In [14]:
# First of all, we import REGEX: 
import re

# We open a file containing an Old Souletin text and assign a variable to it:
IP = open('IP.txt').read()

"""One can search for both upper and lower case within the REGEX, 
but it is much more to command a case sensitive replacement of the pattern.
As a starting point, I create 
IP_1 = re.sub('[G|g]e','je',IP)
IP_2 = re.sub('[G|g]i','ji',IP_1)
IP_3 = re.sub('[G|g]ue','ge',IP_2)
IP_4 = re.sub('[G|g]ui','gi',IP_3)
IP_5 = re.sub('[Q|q]ue','ke',IP_4)
IP_6 = re.sub('[Q|q]ui','ki',IP_5)
IP_7 = re.sub('[Ç|ç]','z',IP_6)

Thus, we definitively need a case sensitive replacement function.
"""

"One can search for both upper and lower case within the REGEX, \nbut it is much more to command a case sensitive replacement of the pattern.\nAs a starting point, I create \nIP_1 = re.sub('[G|g]e','je',IP)\nIP_2 = re.sub('[G|g]i','ji',IP_1)\nIP_3 = re.sub('[G|g]ue','ge',IP_2)\nIP_4 = re.sub('[G|g]ui','gi',IP_3)\nIP_5 = re.sub('[Q|q]ue','ke',IP_4)\nIP_6 = re.sub('[Q|q]ui','ki',IP_5)\nIP_7 = re.sub('[Ç|ç]','z',IP_6)\n\nThus, we definitively need a case sensitive replacement function.\n"

In [15]:
# We create a function for case sensitive replacing:
def case_sensitive_substitution(string, old, new):
    """ This function replaces occurrences of old with new, within string
        replacements will match the case of the text it replaces"""
    def repl(match):
        current = match.group()
        result = ''
        all_upper = True
        for i,c in enumerate(current):
            if i >= len(new):
                break
            if c.isupper():
                result += new[i].upper()
            else:
                result += new[i].lower()
                all_upper = False
        # Now we append any remaining characters from new
        if all_upper:
            result += new[i+1:].upper()
        else:
            result += new[i+1:].lower()
        return result
    regex = re.compile(re.escape(old), re.I)
    return regex.sub(repl, string)

# We text the new function:
print(case_sensitive_substitution("This is a STRING whith UPPER and LOWER caseS",'s','б'))

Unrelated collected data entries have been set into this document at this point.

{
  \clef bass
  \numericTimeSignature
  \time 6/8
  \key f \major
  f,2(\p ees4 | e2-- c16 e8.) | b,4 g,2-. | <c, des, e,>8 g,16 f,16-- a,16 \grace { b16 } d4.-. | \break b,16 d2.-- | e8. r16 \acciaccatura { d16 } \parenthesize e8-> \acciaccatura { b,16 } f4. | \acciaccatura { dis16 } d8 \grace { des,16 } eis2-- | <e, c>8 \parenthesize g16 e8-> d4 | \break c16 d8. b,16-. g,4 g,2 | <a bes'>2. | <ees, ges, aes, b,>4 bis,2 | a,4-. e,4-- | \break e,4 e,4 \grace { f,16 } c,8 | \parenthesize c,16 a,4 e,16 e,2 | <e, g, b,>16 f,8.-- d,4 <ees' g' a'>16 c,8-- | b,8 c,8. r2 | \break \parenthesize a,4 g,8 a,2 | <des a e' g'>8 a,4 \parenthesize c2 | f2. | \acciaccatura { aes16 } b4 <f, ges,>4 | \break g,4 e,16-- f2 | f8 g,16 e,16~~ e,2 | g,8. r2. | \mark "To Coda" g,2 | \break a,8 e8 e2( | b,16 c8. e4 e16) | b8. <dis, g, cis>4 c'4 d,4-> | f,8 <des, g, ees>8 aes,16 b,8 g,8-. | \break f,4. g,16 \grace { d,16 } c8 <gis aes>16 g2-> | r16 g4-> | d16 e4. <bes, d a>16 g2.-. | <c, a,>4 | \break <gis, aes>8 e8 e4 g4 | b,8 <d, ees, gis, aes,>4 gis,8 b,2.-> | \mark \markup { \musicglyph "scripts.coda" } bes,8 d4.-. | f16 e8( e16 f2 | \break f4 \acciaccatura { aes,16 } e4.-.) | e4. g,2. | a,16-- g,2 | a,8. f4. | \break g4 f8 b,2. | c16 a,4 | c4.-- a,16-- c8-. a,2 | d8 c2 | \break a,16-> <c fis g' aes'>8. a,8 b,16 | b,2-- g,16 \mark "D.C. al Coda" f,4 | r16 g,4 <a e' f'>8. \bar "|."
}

Thiб iб a БTRING whith UPPER and LOWER caбeБ


In [16]:
# Once created the function for case sensitive replacement, we can use it for command a number of substitutions 
# that perform changes from the spelling system of Old Souletin Basque into the spelling of present-day standard Basque.
# It is crucial to bear in mind the order of the rules that we want to introduce in the code.

# The first pair of rules must be executed before the second pair; otherwise one pair invalidates the other pair:
IP_rule1 = (case_sensitive_substitution(IP,'ge','je'))
IP_rule2 = (case_sensitive_substitution(IP_rule1,'gi','ji'))
IP_rule3 = (case_sensitive_substitution(IP_rule2,'gue','ge'))
IP_rule4 = (case_sensitive_substitution(IP_rule3,'gui','gi'))

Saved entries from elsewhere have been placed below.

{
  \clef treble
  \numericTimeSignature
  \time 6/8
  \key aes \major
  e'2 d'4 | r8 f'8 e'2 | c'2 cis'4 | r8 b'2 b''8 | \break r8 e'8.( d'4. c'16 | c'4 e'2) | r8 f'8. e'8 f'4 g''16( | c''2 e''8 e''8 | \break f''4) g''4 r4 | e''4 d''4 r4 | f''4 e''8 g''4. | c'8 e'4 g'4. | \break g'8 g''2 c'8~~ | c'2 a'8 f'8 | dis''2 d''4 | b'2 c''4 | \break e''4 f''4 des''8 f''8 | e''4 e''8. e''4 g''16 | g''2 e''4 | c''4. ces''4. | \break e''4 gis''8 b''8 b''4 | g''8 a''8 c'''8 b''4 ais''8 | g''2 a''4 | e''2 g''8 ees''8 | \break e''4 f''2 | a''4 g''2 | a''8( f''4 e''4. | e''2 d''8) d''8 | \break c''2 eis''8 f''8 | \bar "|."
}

# The following 3 rules do not pause such problem:
IP_rule5 = (case_sensitive_substitution(IP_rule4,'que','ke'))
IP_rule6 = (case_sensitive_substitution(IP_rule5,'qui','ki'))
IP_rule7 = (case_sensitive_substitution(IP_rule6,'ç','z'))

# Rules 8 & 9 must be executed in this very order, otherwise 9 cancels 8.
# Moreover, rules 8 & 9 must be previous to 10:
IP_rule8 = (case_sensitive_substitution(IP_rule7,'x','ts'))
IP_rule9 = (case_sensitive_substitution(IP_rule8,'tch','tx'))
IP_rule10 = (case_sensitive_substitution(IP_rule9,'ch','x'))

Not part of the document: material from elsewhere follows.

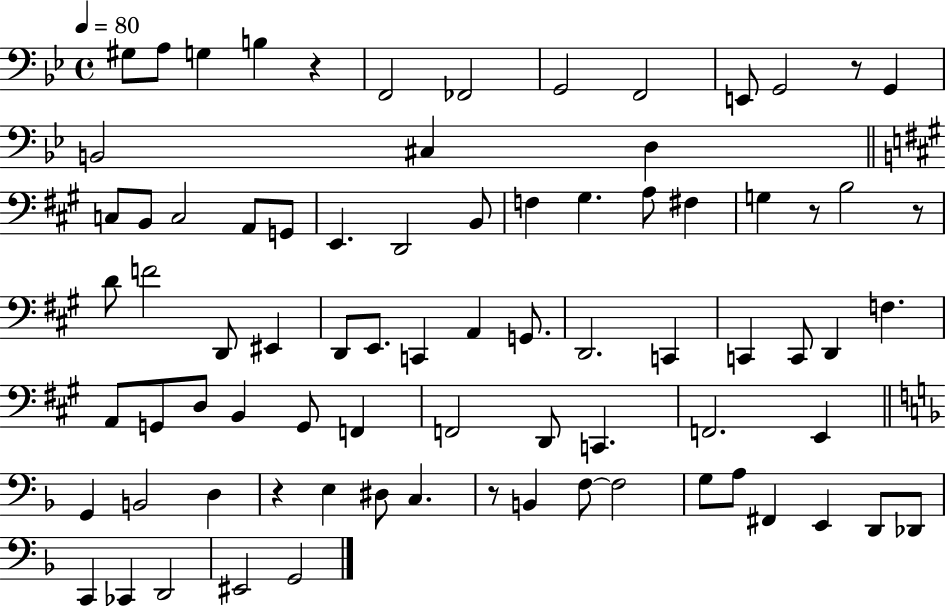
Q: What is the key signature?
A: BES major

# Similarly, rules 11 & 12 must be permormed before rule 13:
IP_rule11 = (case_sensitive_substitution(IP_rule10,'ce','ze'))
IP_rule12 = (case_sensitive_substitution(IP_rule11,'ci','zi'))
IP_rule13 = (case_sensitive_substitution(IP_rule12,'c','k'))

# We add more rules updating spelling:
IP_rule14 = (case_sensitive_substitution(IP_rule13,'gn','ñ'))
IP_rule15 = (case_sensitive_substitution(IP_rule14,'y','i'))
IP_rule16 = (case_sensitive_substitution(IP_rule15,'v','b'))
IP_rule17 = (case_sensitive_substitution(IP_rule16,'mb','nb'))
IP_rule18 = (case_sensitive_substitution(IP_rule17,'mp','np'))
IP_rule19 = (case_sensitive_substitution(IP_rule18,'ss','s'))
IP_rule20 = (case_sensitive_substitution(IP_rule19,'é','e'))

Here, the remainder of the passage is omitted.